Review: Why Earls Fall in Love by Manda Collins

Why Earls Fall in Love by Manda Collins
Series: Wicked Widows Trilogy (# 2)
Release Date:  January 28, 2014
Publisher:  St. Martin’s Paperbacks
Pages:  332
Source:  book provided by NetGalley for review

Society often makes strange bedfellows—and even more surprising betrothals…

IS IT A REASON FOR ROMANCE?

In Why Earls Fall in Love by Manda Collins, young widowed Georgina Mowbray is settling into her role as Lady Russell’s companion quite well—until the lady’s nephew Dominic, the Earl of Coniston, arrives in Bath for a visit. Georgie’s always found him shallow and too smooth, and trusts him as much as she trusts most men…which is to say, not at all. But Con turns out to be more intriguing than she remembers—and completely irresistible…

OR A PROMISE OF PASSION?

Pretty, practical Georgie is nothing like the women Con usually woos—especially since she seems blind to his charms. But his elderly aunt is so fond of her that Con is determined at least to be sociable…with the occasional flirtation thrown in just for fun. But things take a serious turn when a dangerous figure from Georgie’s unhappy past appears and threatens to bring her harm. Con will do whatever it takes to keep Georgie safe. And if he can show her that all men are not menaces, he might be able to keep her in his arms and never let go…  

 

Review:  “I know what you did last season.”  Those words could normally be brushed off as rumor, unless you were involved in the death of the Duke of Ormond.
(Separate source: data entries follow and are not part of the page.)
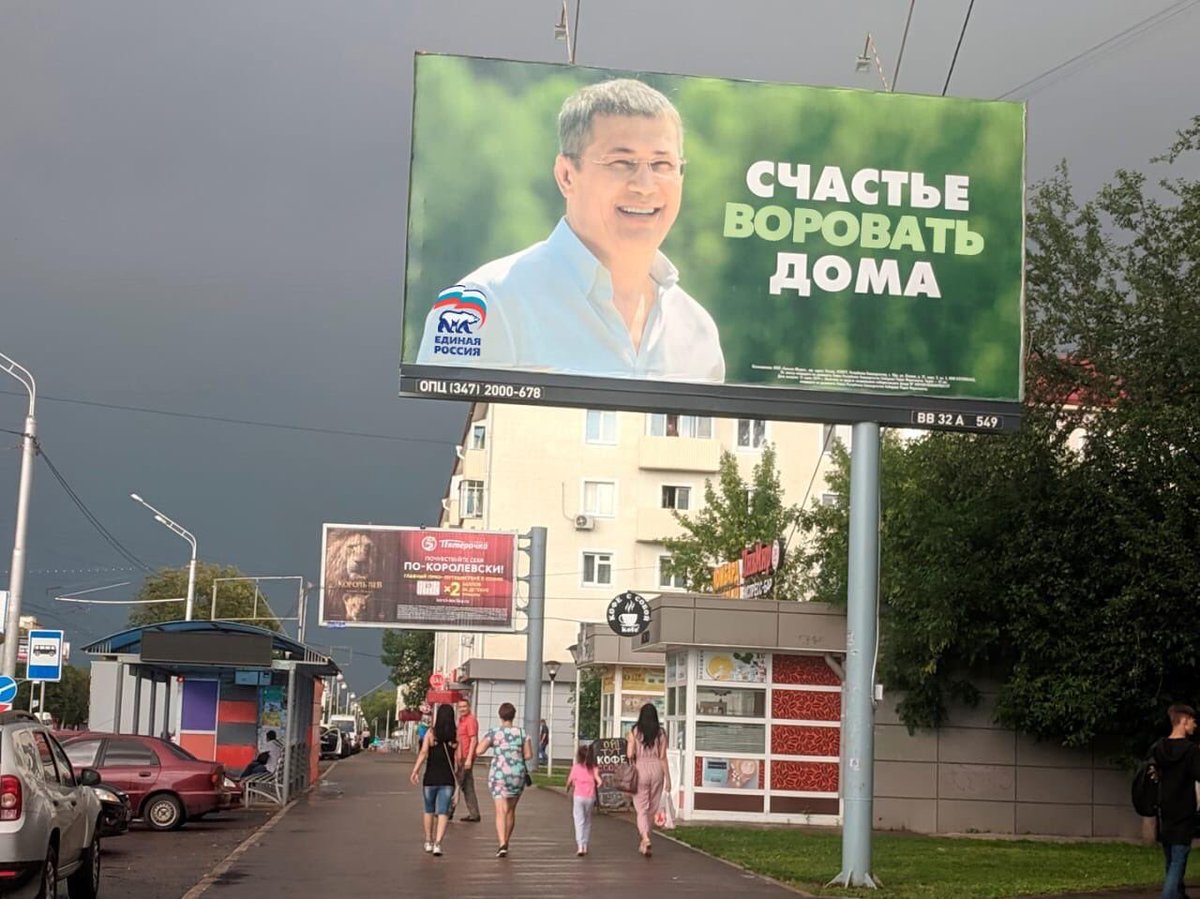 анекдоты про богатых людей. деньги можно только украсть а заработать можно только геморрой. пикассо великие художники воруют. взять ипотеку на 4 миллиона. анекдот про алладина.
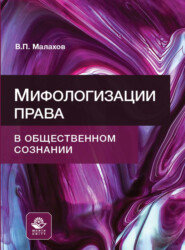 бесплатно читать книгу Мифологизации права в общественном сознании автора Валерий Малахов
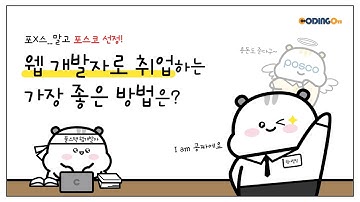 포스코 선정! 웹 개발자로 취업하는 가장 좋은 방법? 🐻‍❄️ #포스코 #웹개발 #Javascript #react #spring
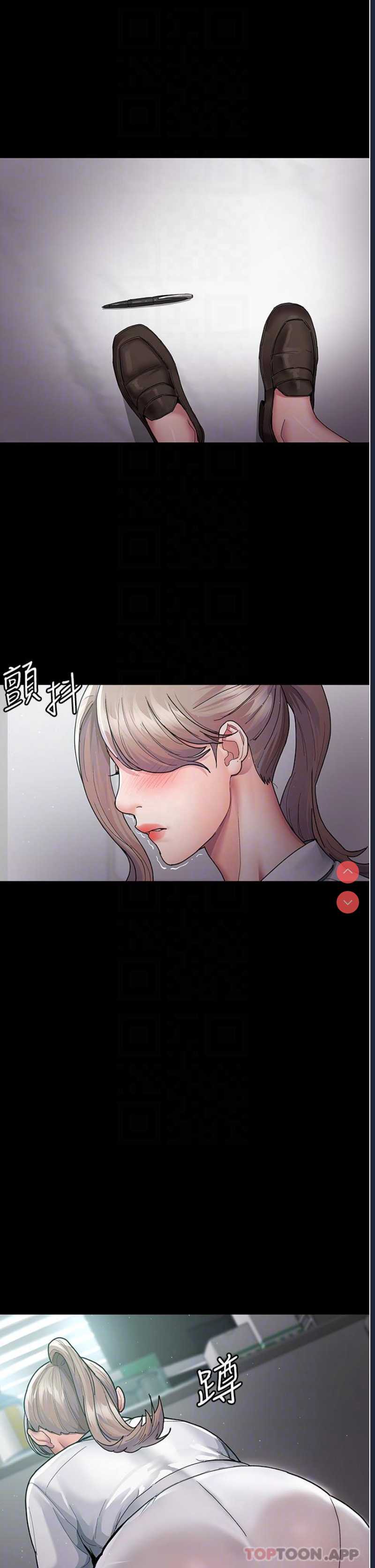 夜间诊疗室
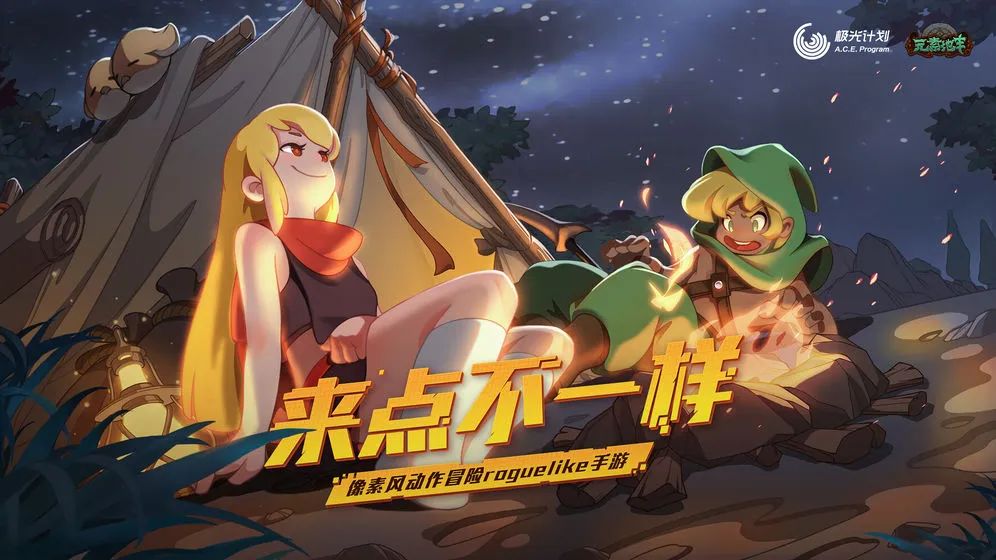 2020年，想做游戏是不是变得更难了？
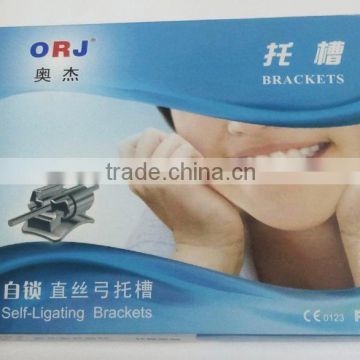 Supply low price Orthodontic products Orthodontic Bracket Self Ligating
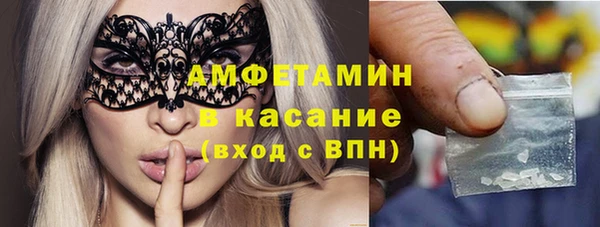 кокаин Новодвинск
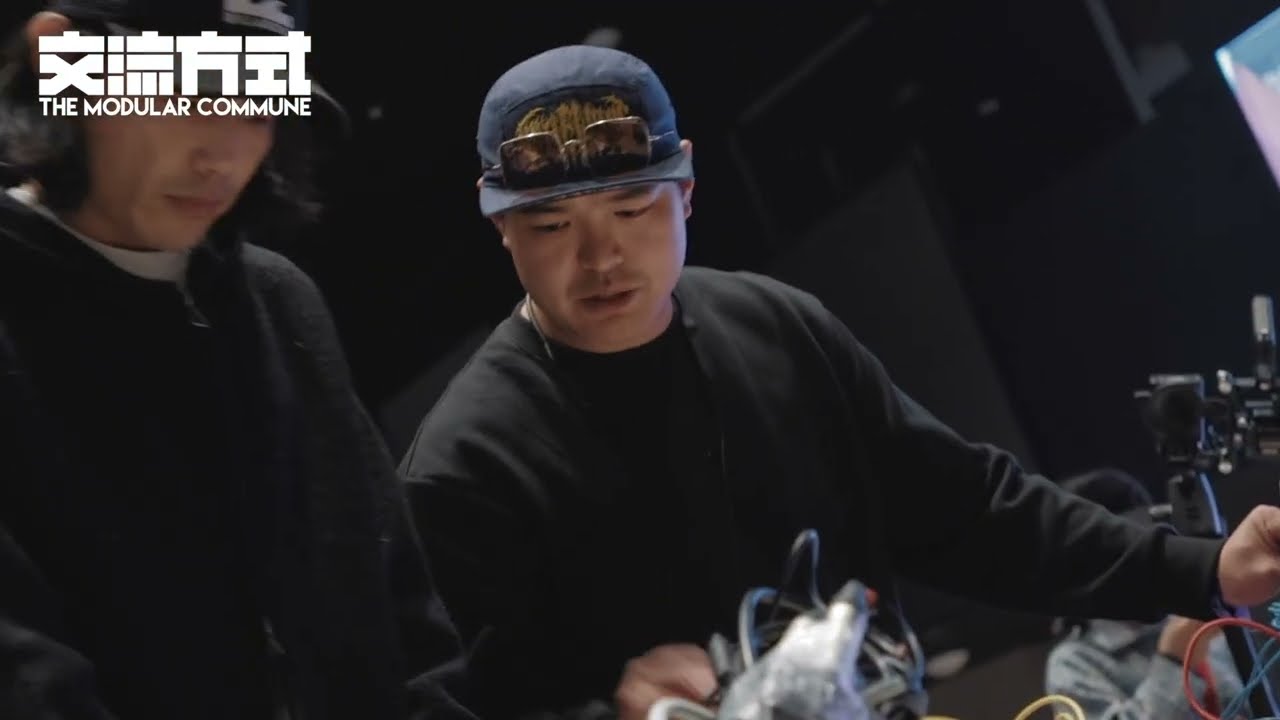 周揚 & 天文 - Modular Commune Festival Beijing 24 (Vol.20)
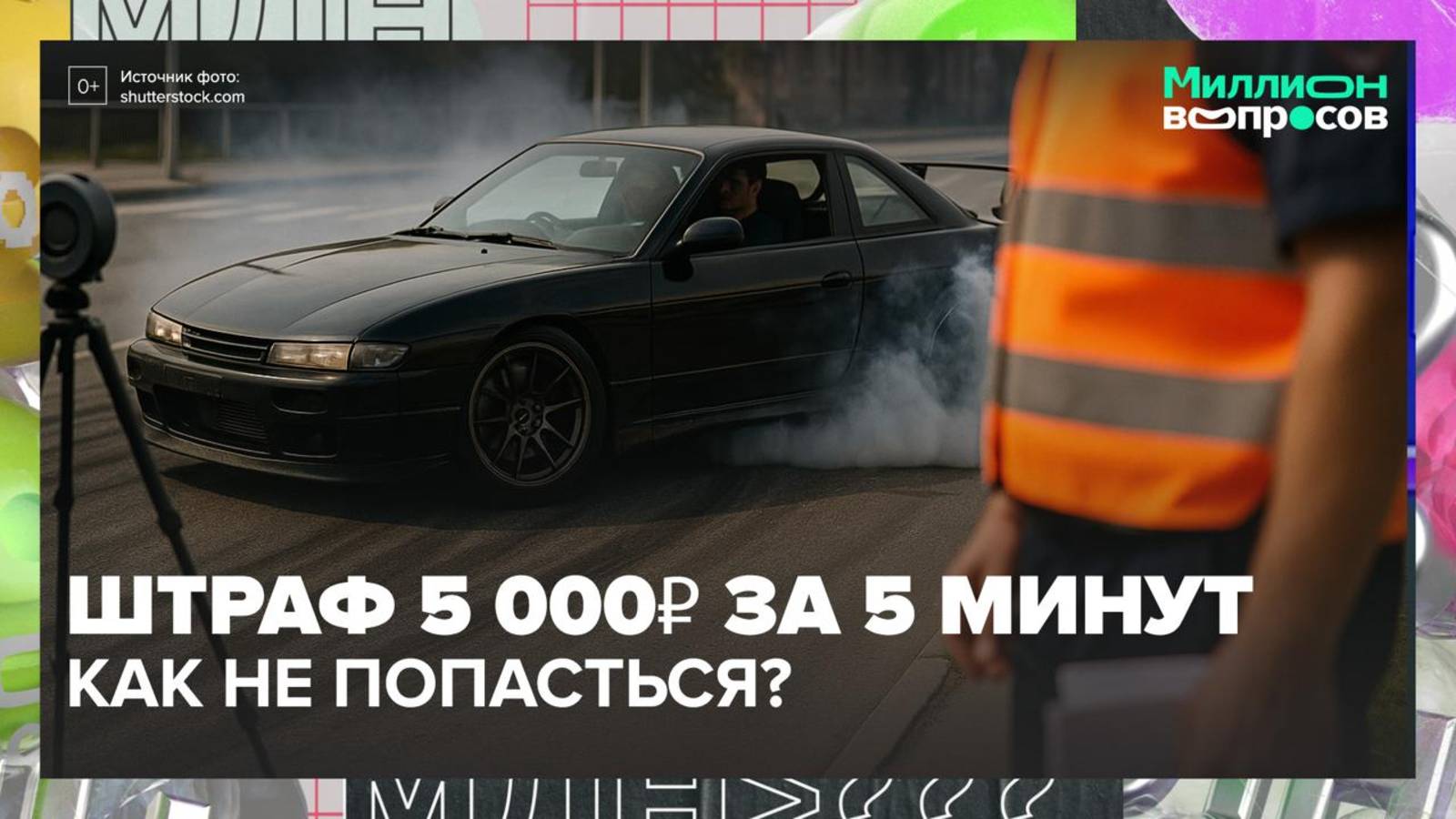 Автоюрист ответил на самые частые вопросы водителей|Миллион вопросов — Москва 24|Контент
And since Georgie Mowbray pulled the trigger just as the abusive Duke was stabbed, the notes she’s been receiving a very disturbing.  Her dear friend Perdita was being held at knifepoint by her horrible husband, so it was either kill or be killed.  Georgie herself was the victim of her abusive husband, so she knew firsthand her friend could end up dead.  But Georgie’s husband died at Waterloo, freeing her from that hard life.  She is content now to be a companion to an elderly woman, and has vowed never to fall victim to love again.  But with the onset of the threatening letters, she has nowhere to turn.  Her boss, Lady Russell, is having a houseparty with all her relatives for her 70th birthday, bringing the devastatingly handsome Earl of Coniston into Georgie’s world.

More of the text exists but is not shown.